Writing a new parser for the prolin library using instaparse

https://github.com/levand/prolin is a linear programming (LP) library. I’m currently learning LP, and this library is a good match for my learning. The fork of pez was the one on clojars.
A linear program takes a linear polynomial on the form of
a_0*x_0 + … + a_n*x_n = 0
called the objective function, and some constraints over this and maximizes / minimizes the expression. Its all in the library. I find it cool that the library works nicely after 8 years with no maintenance.

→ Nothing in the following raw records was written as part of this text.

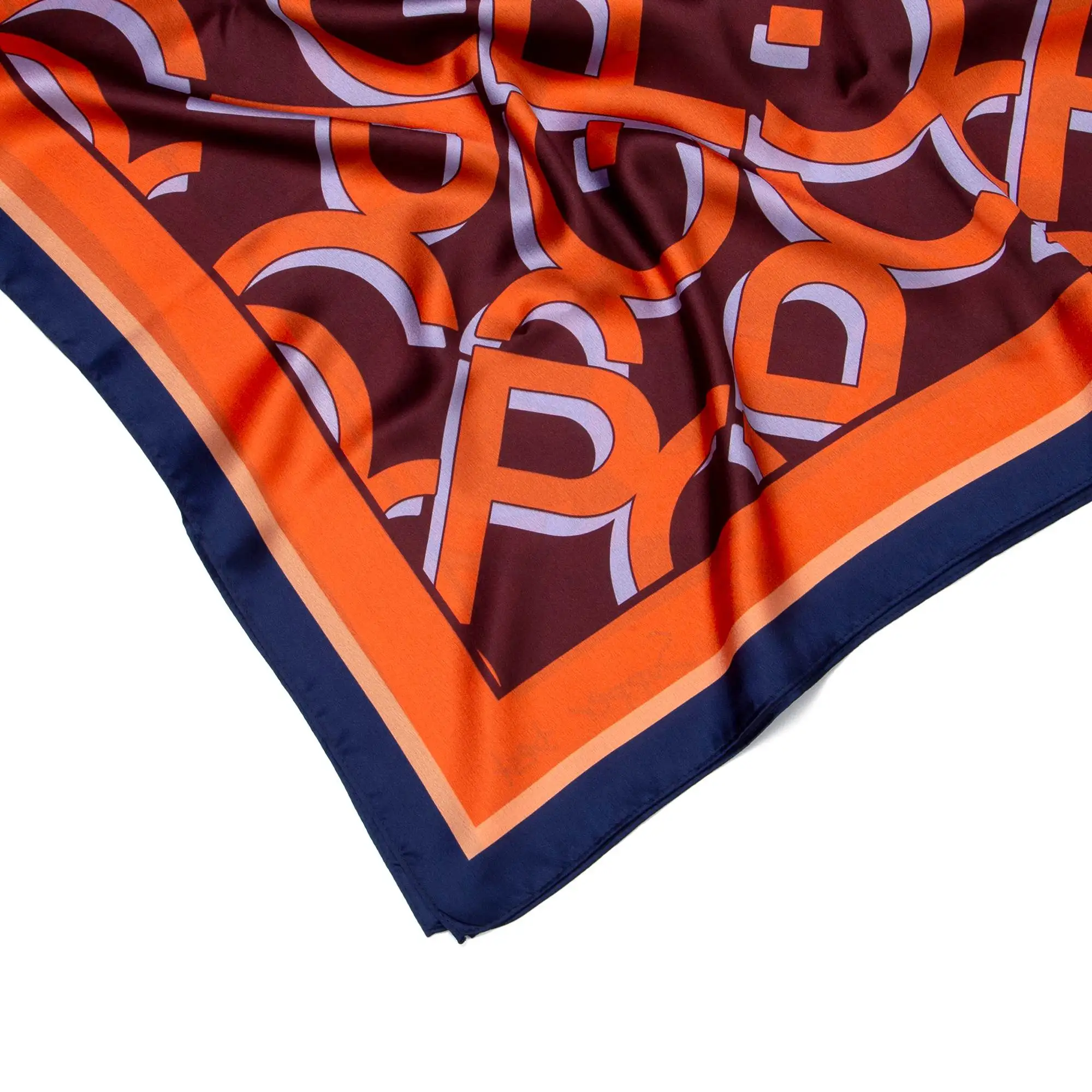 PG PATSY GARIS High Fashion Style Women's Silk Scarf Unique Pattern Designs Gift for Women Niche Style Silk Scarf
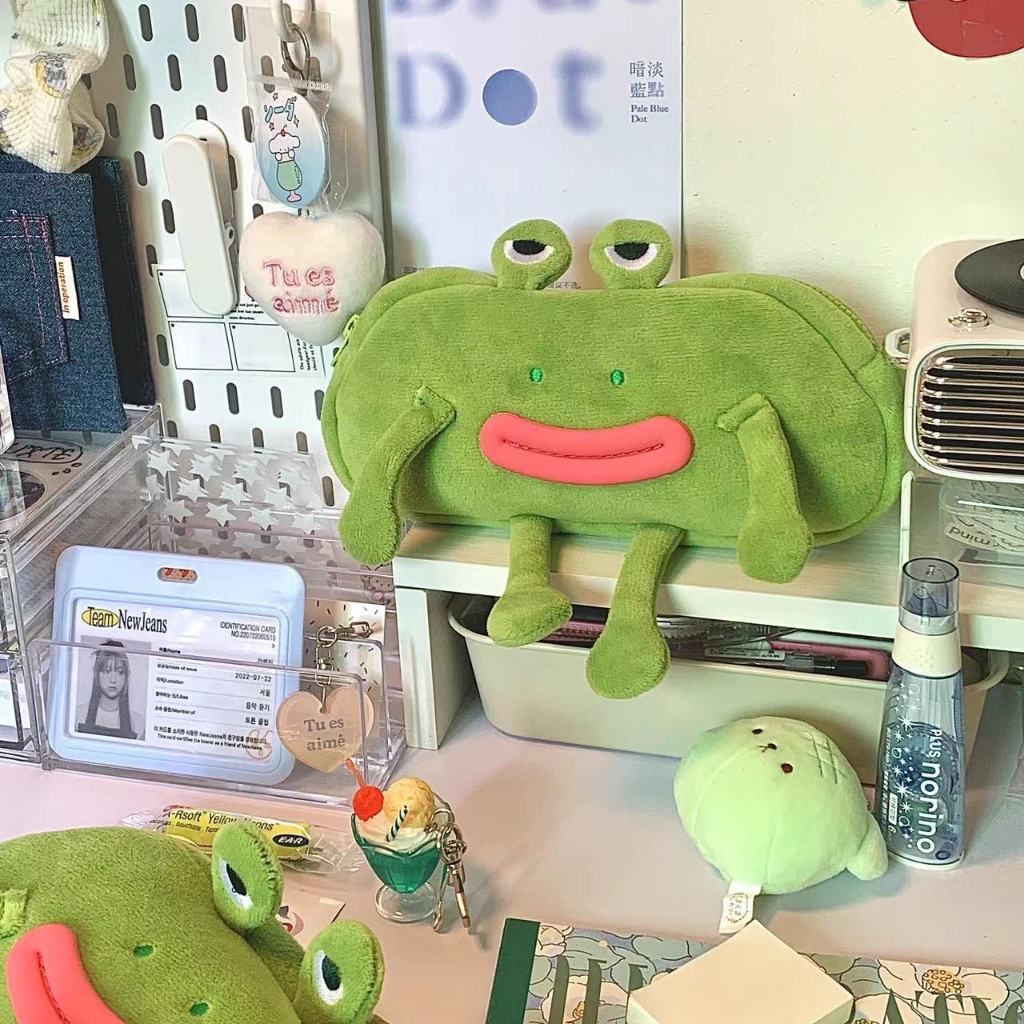 

Tas pensil mewah katak tas pensil lucu tas pensil penyimpanan tas pensil baru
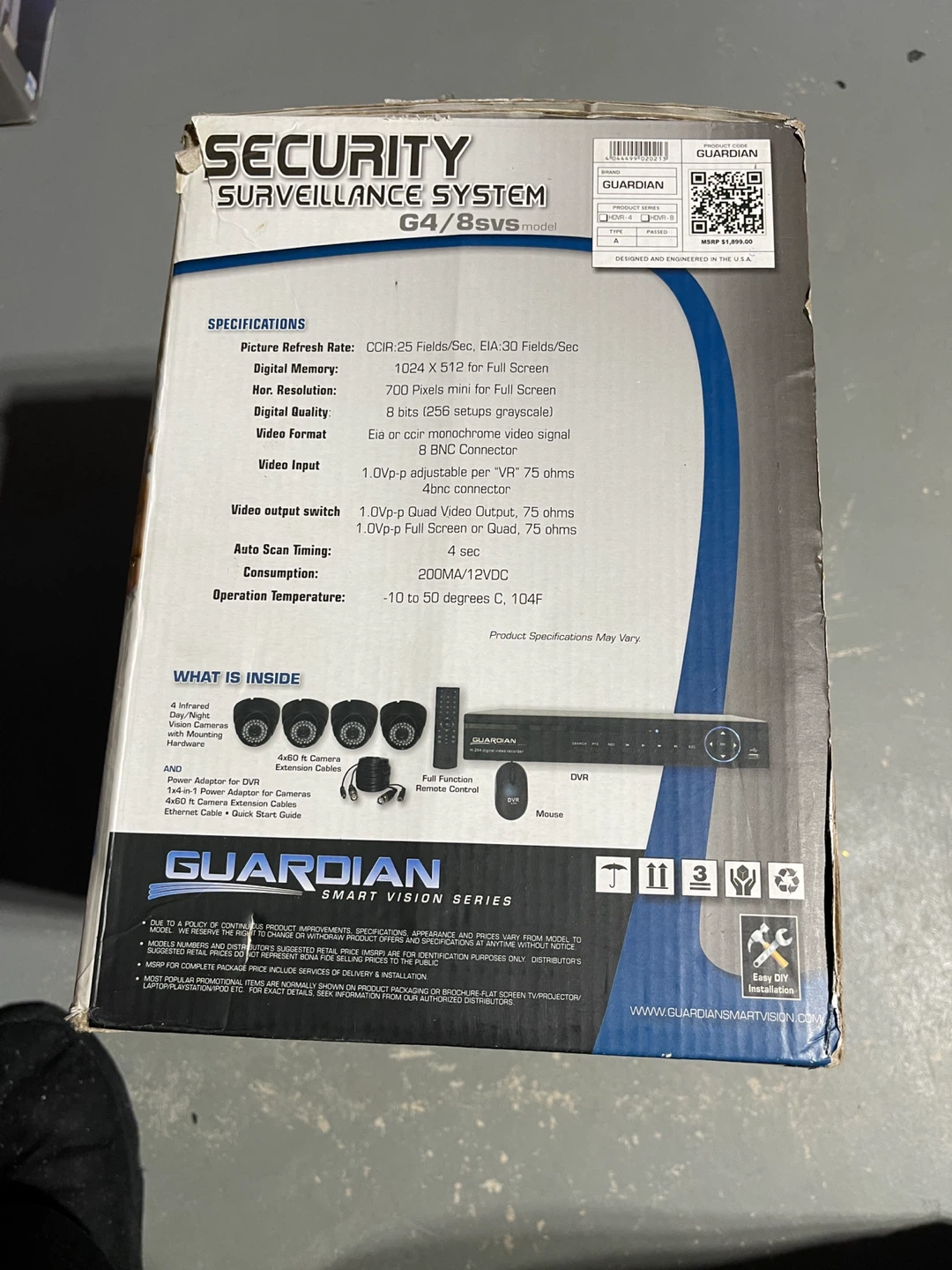 Guardian HDVR 4/8 Security Surveillance System - photo 3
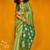 green woven design zari silk blend jamdani saree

This polynomial is written in in a string format. And as it is said in the readme for prolin, the parsing of string-equations is limited.

I was just a bit frustrated by its parsing of polynomials. It cannot do things like “x_0 + x_1”, it has to be “a + b”… but my book uses x_1, x_2 and everything!

So I spent most of last night writing code. Just for my own satisfaction.

Using https://github.com/Engelberg/instaparse as a parser I wrote some attempts on a grammar, until I was happy enough with it. Then some postwalk for cleaning up the tree.
Lastly I needed to move variables to the left hand side of the expression, because math has rules.

It is my first time using instaparse for something that I will actually use, so there is probably many things I could do better. I think my parsing code is a bit… esoteric, maybe even squirrel-y. But it works now.

I guess that I’ll look back at this in a year and be like :face_vomiting:, but hey, that is what learning is about.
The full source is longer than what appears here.